Ukradkiem zerkam na równie jak ja zszokowanego Ivana, który wyraźnie nie ma pojęcia co w tej chwili zrobić, jednak po nim widać coś jeszcze, a mianowicie złość, która jest widoczna prawie na kilometr i boję się, co będzie ze mną, a także z Clarą, kiedy wreszcie się opanuje.

- Carmen powiedz coś wreszcie! - czuję jak moje ciało, zostaje mocno wstrząśnięte. – Co się stało? – jej głos staje się jeszcze bardziej piskliwy, gdy stoję nieruchomo, patrząc na nią i milcząc.

- Ja...- jąkam się, nie wiedząc jak ubrać słowa tak, aby oddały co, teraz czuję. – Nie wiem. – zrezygnowana spuszczam głowę w dół, kiedy nic nie przychodzi mi do głowy.

- Jezu kochanie. – dziewczyna lekko pociera moje ramiona. – Zaczekaj tu chwilkę, a ja pójdę po mojego znajomego i razem wymyślimy co dalej zrobić. – odwraca się, zaczynając powoli kierować w stronę małej przytulnej restauracji.

- Clara nie. – cichym i zachrypniętym głosem, próbuję ją zatrzymać, bojąc się zostać, choć na chwilę sama, jednak gdy ta znika za drewnianymi drzwiami, poddaję się. Spoglądam w dół, obserwując czubki swoich butów i całkowicie opróżniając się z myśli, aż wyczuwam za sobą czyjąś obecność. Nie poruszam się ani o milimetr, jedyne co w sobie zmieniając to oddech, który staję się odrobinę bardziej przyspieszony.

- Kto to do cholery był?! – czuję mocny ucisk na ramieniu, więc lekko nim szarpię, co i tak nie daje żadnych rezultatów.

- Moja przyjaciółka. – szepczę cicho. – Nie wiedziałam, że tu będzie. – mówię już odrobinę bardziej spanikowana, kiedy spostrzegam, jak srogie jest jego spojrzenie.

- Ta. – prycha pogardliwie, mierząc moją osobę.

- Mówię prawdę! – prawie krzyczę, będąc wyraźnie oburzona, tym, iż mi nie wierzy. – Niby jak miałam się z nią skontaktować, jeżeli trzymasz nie w izolacji od świata?
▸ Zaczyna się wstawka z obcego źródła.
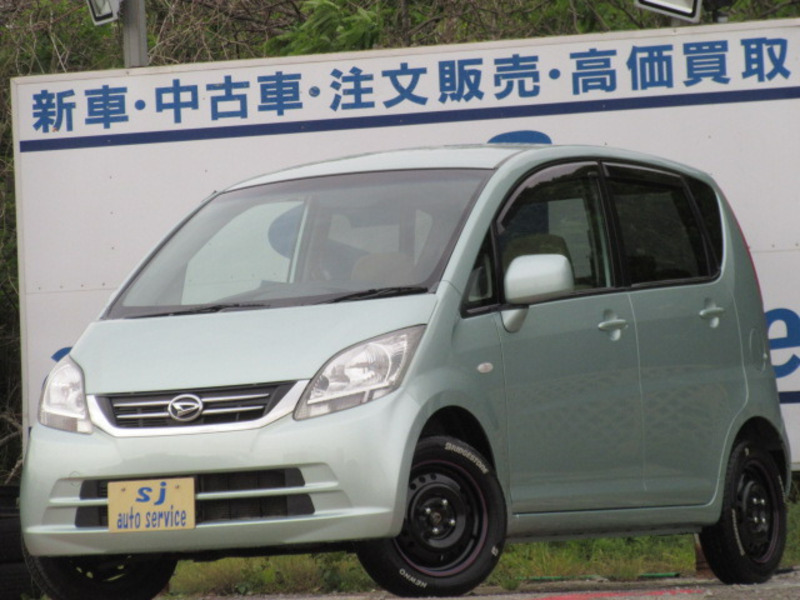 DAIHATSU　MOVE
- Dobra chodź i mnie nie wkurwiaj. – ciągnie mnie w stronę lasu, z którego się wyłoniliśmy, a ja nie mając siły protestować, jedynie jak marionetka kieruję się za nim, tylko na chwilę się odwracając, kiedy wchodzimy już między drzewa, przez co moim oczom ukazuje się wyraźnie spanikowana Clara, w pośpiechu tłumacząca coś wysokiemu blondynowi, który stoi tuż za nią.

Kręcąc głową i czując gorycz, a także złość na samą siebie, za to, że gdy mogłam, wreszcie uwolnić się od tego potwora nie byłam, w stanie nic zrobić wchodzę do auta, zrezygnowana zajmując miejsce pasażera i cicho zatrzaskując za sobą drzwi.

- Czasami mam ochotę Cię połamać. – odzywa się niebieskooki, patrząc prosto przed siebie.

- To zrób to, lepiej dla mnie. – szepczę, dostatecznie głośno by to usłyszał.